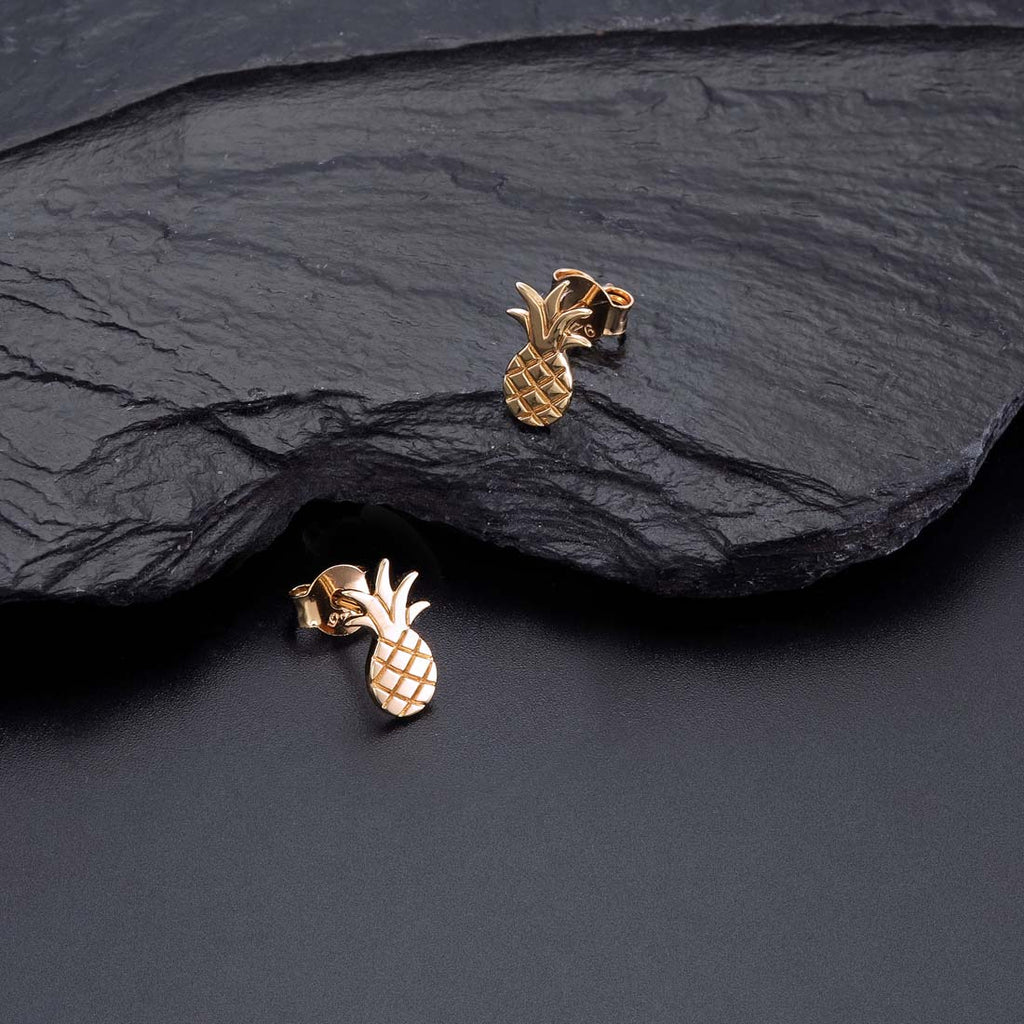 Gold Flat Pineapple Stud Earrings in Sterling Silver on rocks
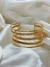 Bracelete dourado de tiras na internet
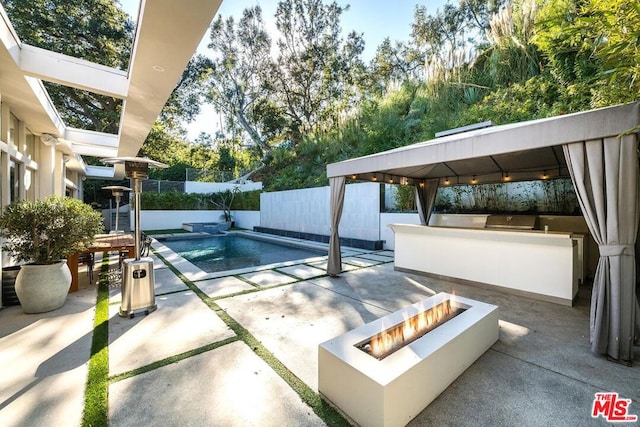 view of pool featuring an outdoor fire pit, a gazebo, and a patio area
= = = = =
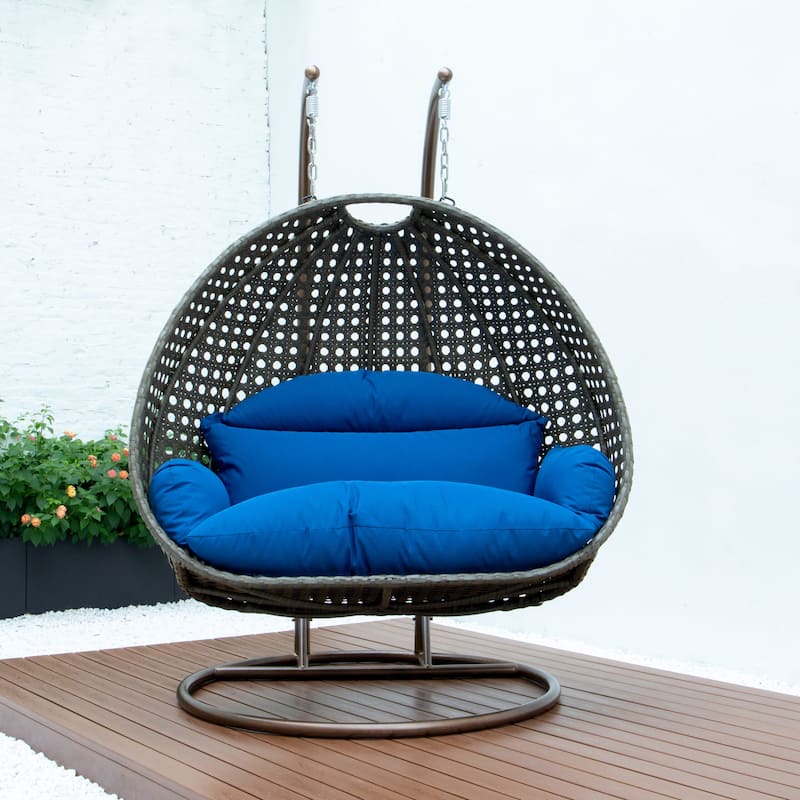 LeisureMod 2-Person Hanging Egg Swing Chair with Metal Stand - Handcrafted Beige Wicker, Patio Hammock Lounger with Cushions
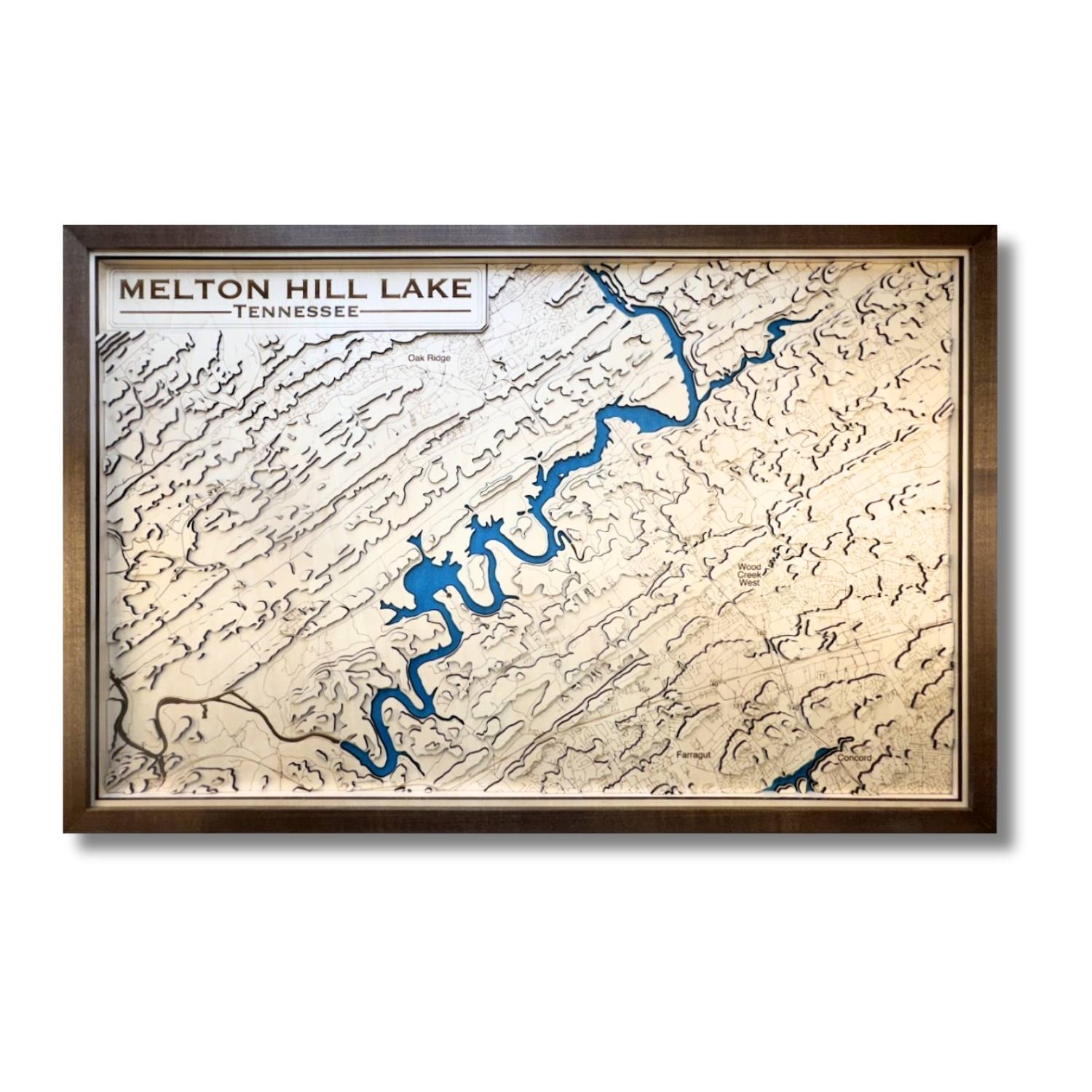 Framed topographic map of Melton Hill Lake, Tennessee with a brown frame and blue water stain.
= = = = =
§ **What you are asked to do**:
How would the lines above read from the one with "LeisureMod 2-Person Hanging" to the one with "Framed topographic map", inclusive, with no pictures? Write them out exactly.

§ **Output**:
 LeisureMod 2-Person Hanging Egg Swing Chair with Metal Stand - Handcrafted Beige Wicker, Patio Hammock Lounger with Cushions
 Framed topographic map of Melton Hill Lake, Tennessee with a brown frame and blue water stain.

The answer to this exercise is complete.